The Prince of Wales Fort is a historic bastion fort on Hudson Bay across the Churchill River from Churchill, Manitoba, Canada.

History

The European history of this area starts with Henry Hudson sailing into Hudson Bay in 1610. The area was recognized as important in the fur trade and of potential importance for other discoveries. The fort is built in a star shape.

Original (wood) fort
This fort began as a log fort built in 1717 by James Knight of the Hudson's Bay Company (HBC) and was originally called the Churchill River Post. In 1719, the post was renamed Prince of Wales Fort. It was located on the west bank of the Churchill River to protect and control the HBC's interests in the fur trade.

Construction of the present stone fort
The original wooden fort was replaced by a massive stone fort, probably to abide by the Royal Charter which required that Rupert's Land should be fortified.

Construction of this fort was started in 1731 near what was then called Eskimo Point. It was in the form of a square, with sides  long and walls  tall and  thick at the base.

It had forty-two cannon mounted on the walls. There was also a battery across the river on Cape Merry meant to hold six more cannon.

In battle
In the 1780s, the French government launched a Hudson Bay expedition to damage HBC activities in that bay. Three French warships of the expedition, led by Jean-François de La Pérouse, captured the Prince of Wales Fort in 1782. The fort was manned by only 39 (non-military) men at the time, and the fort's governor, Samuel Hearne, recognised the numerical and military imbalance and surrendered without a single shot being fired. The French partially destroyed the fort, but its mostly-intact ruins survive to this day.

The fort returned to the HBC in 1783. Thereafter, its importance waned with the decline in the fur trade although the post was refounded a little way up the river.

Structures

The remains of these buildings still stand in the Fort, although none of them are intact, with roofs long since deteroriated.
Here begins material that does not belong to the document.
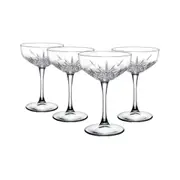 Pasabahce Timeless Champagne Saucers 255ml (Set of 4)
 Rough Stone Dwelling House
 Governor's Quarters
 Storehouse
 Men's Quarters and Barracks
 Stonemason's Workshop
 Cooper and Carpenter Workshops
 Tailor's Room
 Blacksmith Shop

The courtyard is intact and all other exposed areas covered by grass.

Cape Merry Battery
Opposite the fort across the mouth of the Churchill River is Cape Merry Battery. The battery was named for former HBC Deputy Governor (1712-1718) Captain John Merry (1656-1729). The fixed battery was built three times. The first was built sometime after 1718 and featured a wall protected by cannon(s) and powder magazine. Only remaining parts are the ruins of the door of the magazine and parts of the wall. A second battery was built in 1747 further south and away from the river due to concerns that the first battery could be used to attack the fort. A third was rebuilt in 1959-1960 from second as a restoration process. The battery today has a single cannon.

Restoration
After the construction of the Hudson Bay Railway to Churchill was completed in 1929, railway labour and railway construction equipment was used to restore the fort. Restoration work was also performed in the late 1950s.

Archaeological investigations at and around the fort began in 1958.

Since 2005, Parks Canada archaeologists have been working in and around the fort in conjunction with a large-scale wall stabilization work and a fort interpretation program.

Legacy
In 1920, the site was designated a National Historic Site of Canada.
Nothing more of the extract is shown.